# Action item
From the records below, output exactly the lines running from the line containing "ThirdeyeClasses's tweet photo." through the line containing "#GandhiJayanti #MahatmaGandhi #KeepLearning", and no others.

# Task inputs
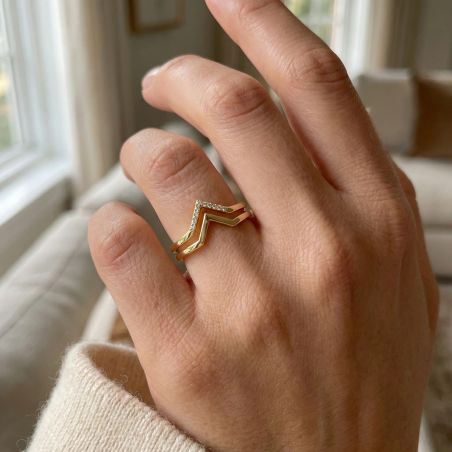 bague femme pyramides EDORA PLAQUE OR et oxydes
...
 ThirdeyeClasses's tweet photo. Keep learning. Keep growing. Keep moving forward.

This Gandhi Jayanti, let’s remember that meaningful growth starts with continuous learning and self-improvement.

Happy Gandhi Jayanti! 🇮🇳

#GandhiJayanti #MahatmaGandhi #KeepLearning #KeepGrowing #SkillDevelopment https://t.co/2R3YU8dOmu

# Exercise output
 ThirdeyeClasses's tweet photo. Keep learning. Keep growing. Keep moving forward.

This Gandhi Jayanti, let’s remember that meaningful growth starts with continuous learning and self-improvement.

Happy Gandhi Jayanti! 🇮🇳

#GandhiJayanti #MahatmaGandhi #KeepLearning #KeepGrowing #SkillDevelopment https://t.co/2R3YU8dOmu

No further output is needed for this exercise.